Docker has some useful features that allow us to enter and exit a container, attach a volume (data source), etc. We are going to briefly cover some of these useful utilities:

  • You may want to launch a python script in a container and let it continue to run while you sign out of your instance. There are many ways to do this, but for now we will assume the workflow is
    1. Lauch image
    2. Launch python script
    3. Log out and go on run while model is training.

    In order to do this you can simply hold “control + p + q”.

  • You may also want to check if any containers are currently running. sudo docker ps will give you alist of currenly running containers: (if you have a running container you will get something like this)
    CONTAINER ID        IMAGE               COMMAND             CREATED             STATUS              PORTS                            NAMES
    705a3ac25b0b        tensorflow_env      "/bin/bash"         23 minutes ago      Up 23 minutes       8888/tcp, 0.0.0.0:81->6006/tcp   compassionate_clarke
    
  • After exiting a container you may want to enter back into the container. In order to do this, you must locate the container ID and run:
    sudo docker exec -it <containerID> /bin/bash
    

    This will put you back into the running container.

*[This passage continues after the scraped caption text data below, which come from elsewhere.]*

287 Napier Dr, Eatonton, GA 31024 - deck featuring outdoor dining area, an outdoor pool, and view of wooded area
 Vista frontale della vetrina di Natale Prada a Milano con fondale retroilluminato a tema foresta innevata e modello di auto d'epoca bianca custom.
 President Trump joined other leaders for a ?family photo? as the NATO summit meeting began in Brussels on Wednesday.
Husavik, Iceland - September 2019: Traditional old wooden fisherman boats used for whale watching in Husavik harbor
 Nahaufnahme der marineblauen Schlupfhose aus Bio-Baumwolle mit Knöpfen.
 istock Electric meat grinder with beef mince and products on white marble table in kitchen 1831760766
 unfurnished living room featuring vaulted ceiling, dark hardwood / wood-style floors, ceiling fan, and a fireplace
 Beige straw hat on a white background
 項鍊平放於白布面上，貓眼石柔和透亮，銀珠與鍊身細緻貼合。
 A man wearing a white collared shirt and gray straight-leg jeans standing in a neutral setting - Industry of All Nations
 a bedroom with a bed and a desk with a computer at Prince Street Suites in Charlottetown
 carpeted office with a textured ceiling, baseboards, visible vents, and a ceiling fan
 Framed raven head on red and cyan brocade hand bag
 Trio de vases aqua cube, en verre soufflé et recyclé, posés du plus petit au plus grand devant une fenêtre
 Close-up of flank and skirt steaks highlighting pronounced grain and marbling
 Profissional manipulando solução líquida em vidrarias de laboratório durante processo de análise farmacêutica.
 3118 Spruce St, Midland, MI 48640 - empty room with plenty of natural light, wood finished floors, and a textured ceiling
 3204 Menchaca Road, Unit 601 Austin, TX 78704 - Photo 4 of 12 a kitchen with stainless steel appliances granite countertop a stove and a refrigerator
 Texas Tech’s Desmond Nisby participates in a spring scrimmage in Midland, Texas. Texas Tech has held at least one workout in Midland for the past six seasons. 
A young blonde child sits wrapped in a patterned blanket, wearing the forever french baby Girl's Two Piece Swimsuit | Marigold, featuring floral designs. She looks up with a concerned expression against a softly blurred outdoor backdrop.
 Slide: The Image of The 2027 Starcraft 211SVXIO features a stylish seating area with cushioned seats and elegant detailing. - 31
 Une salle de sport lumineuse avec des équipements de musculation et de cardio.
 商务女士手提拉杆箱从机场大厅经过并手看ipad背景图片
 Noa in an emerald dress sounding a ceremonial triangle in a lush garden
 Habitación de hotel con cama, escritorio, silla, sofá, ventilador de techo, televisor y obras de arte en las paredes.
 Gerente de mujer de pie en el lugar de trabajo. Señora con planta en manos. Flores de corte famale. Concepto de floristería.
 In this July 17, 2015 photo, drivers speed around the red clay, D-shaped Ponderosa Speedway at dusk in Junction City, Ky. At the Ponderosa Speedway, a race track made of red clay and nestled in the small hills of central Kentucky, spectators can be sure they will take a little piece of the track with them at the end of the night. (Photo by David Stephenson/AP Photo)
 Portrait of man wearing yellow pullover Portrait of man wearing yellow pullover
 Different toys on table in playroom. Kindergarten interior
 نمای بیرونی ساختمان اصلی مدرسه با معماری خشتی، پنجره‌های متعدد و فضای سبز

  • Another important feature is being able to attach a volume(dir/files). It will essentially link your specified file or directory into the container environment. Find a file or directory you want to attach. To attach to your container use te -v flag:
    sudo nvidia-docker run -it -p 81:6006 -v /path/to/your/dir:/name/and/place/dir/in/container ljstrnadiii/tensorflow_env:0.1
    
  • Lastly, if you want to kill a docker process
    sudo docker kill <containerID>
    
  • bonus: you can also launch your container in detached mode and specify the python script you want to run. Check out the DietNet launch.sh file and the commented-out line in the dockerfile with entrypoint.

Exercise: Try to run a container, detach to continue to run the container, check to see it is running, and then enter back into the running container, exit again and then kill the container.